Spherical Tensor operators for half-integers

[jfy4]

Hi,

There are, for example, lists of spherical tensor operators for $l=\text{integer}$ steps, e.g. $l=0,1,2,...$.

$$T_{k}^{q}(J)\rightarrow T_{0}^{0}=1, \quad T_{1}^{\pm 1}=\mp \sqrt{\frac{1}{2}}J_{\pm},\quad T_{1}^0=J_z$$
and this continues forever. I was wondering if there are operators in this spherical tensor form for half integers steps of $k$ instead of integer. And if not, why?

Thank you,

 

[Bill_K]

Sure, the definition is: an irreducible tensor operator T(k) is a set of 2k+1 operators T(k q), q = -k,... , k which transforms under an infinitesimal rotation as

[J_±, T(k q)] = [(k ∓ q)(k ± q + 1)]^1/2
[J₀, T(k, q)] = q T(k q)

This works for both integer and half-integer k.

 

[jfy4]

Sure, the definition is: an irreducible tensor operator T(k) is a set of 2k+1 operators T(k q), q = -k,... , k which transforms under an infinitesimal rotation as

[J_±, T(k q)] = [(k ∓ q)(k ± q + 1)]^1/2
[J₀, T(k, q)] = q T(k q)

This works for both integer and half-integer k.

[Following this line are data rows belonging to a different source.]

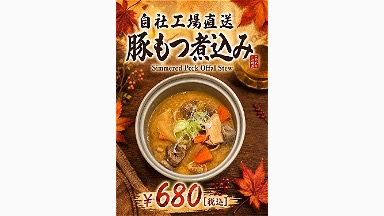 豚モツ煮込み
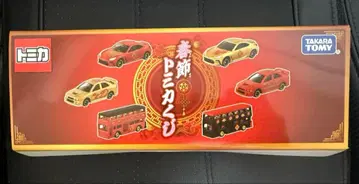 타카라토미 춘절 토미카 복권 미개봉 새상품 박스 6개입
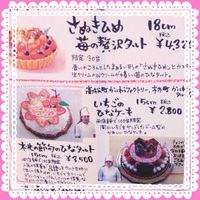3月3日は女子の日〜(^○^)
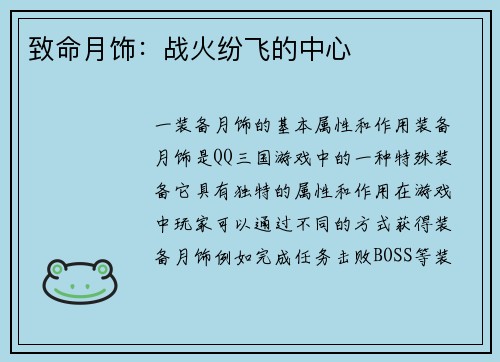 致命月饰：战火纷飞的中心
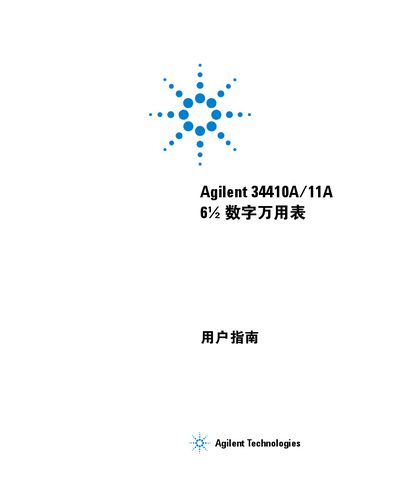 Agilent 34410A/11A Digital Multimeter User Manual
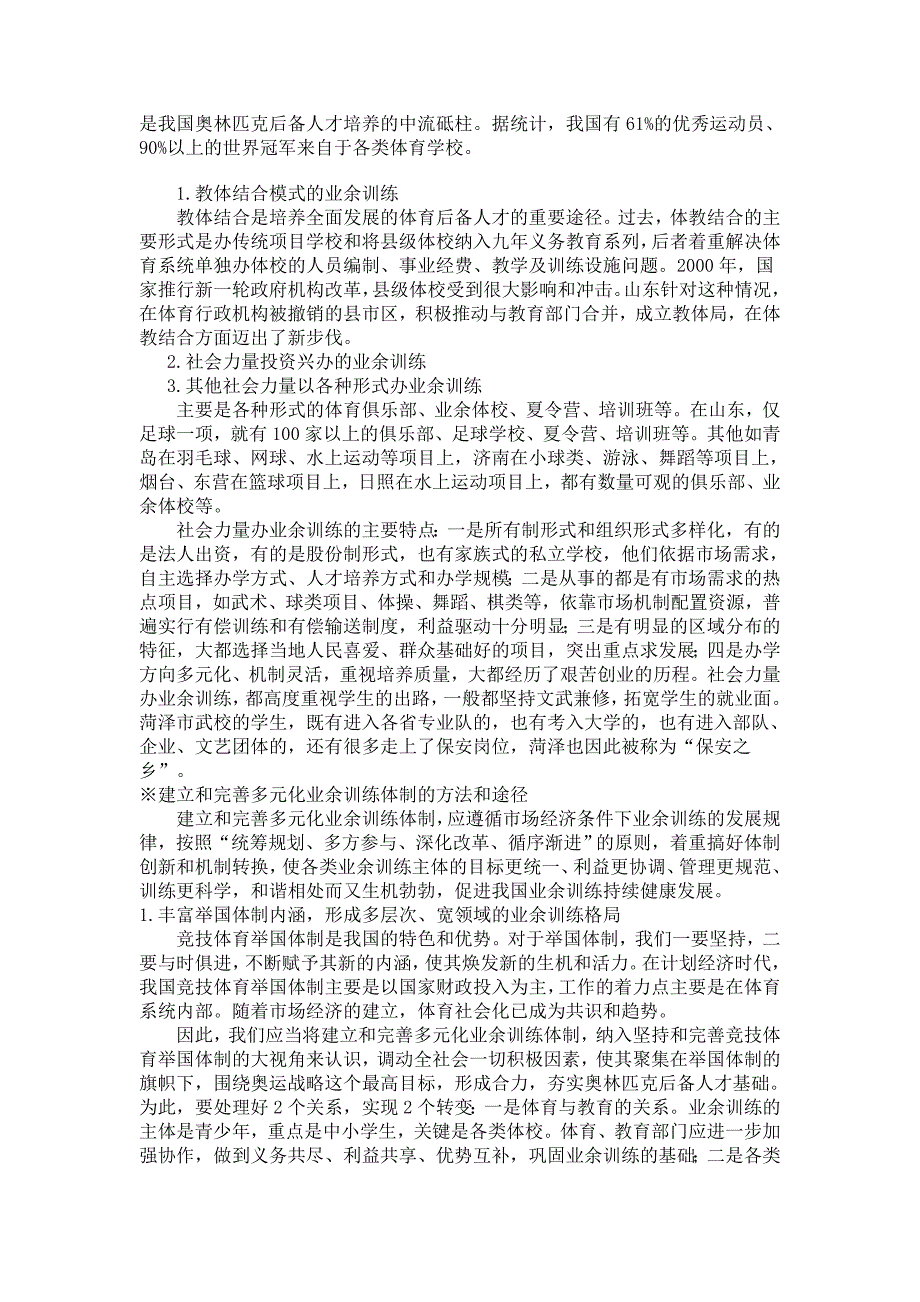 对我国后备体育人才培养以及竞技体育未来发展的建议和意见_第2页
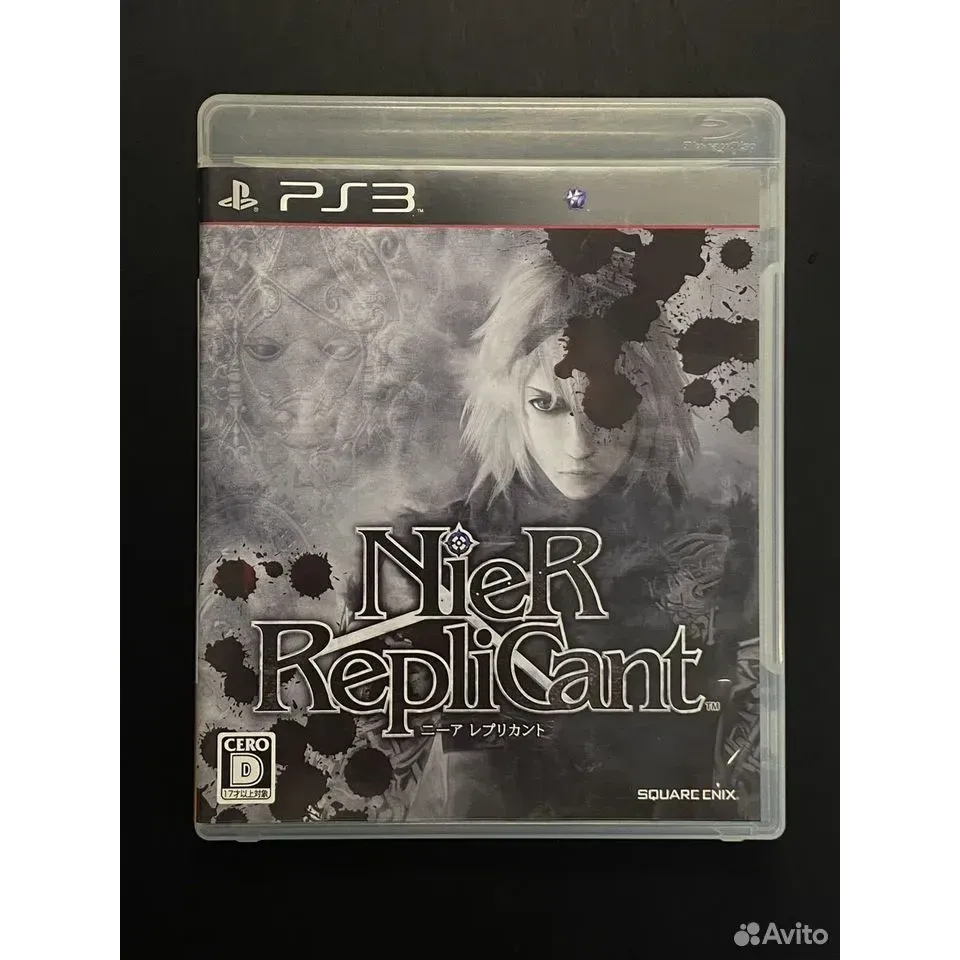 4383278666 — PlayStation 3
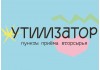 Утилизатор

Great! Thanks Bill. The integer ones seem to have explicit forms relating back to Cartesian components, for instance,
$$J_{+}=a_{1}+ia_{2}$$
etc... Do such forms exist for the half integer spherical operators? For instance is it possible to write $T\left( \frac{7}{2},q\right)$ in terms of Cartesian components $(a_{0},a_1 ,a_2,...)$?

Thanks again.

 

[Bill_K]

OK, now it gets interesting. What you're asking is the relationship between the components of a tensor in the spherical basis as opposed to the Cartesian basis. The Cartesian basis starts with the 3 representation and the three basis vectors e_x, e_y, e_z, and for ℓ = 1 the relationship is easy to write down: e_± = e_x ± i e_y, e₀ = e_z. (I'm ignoring √2's)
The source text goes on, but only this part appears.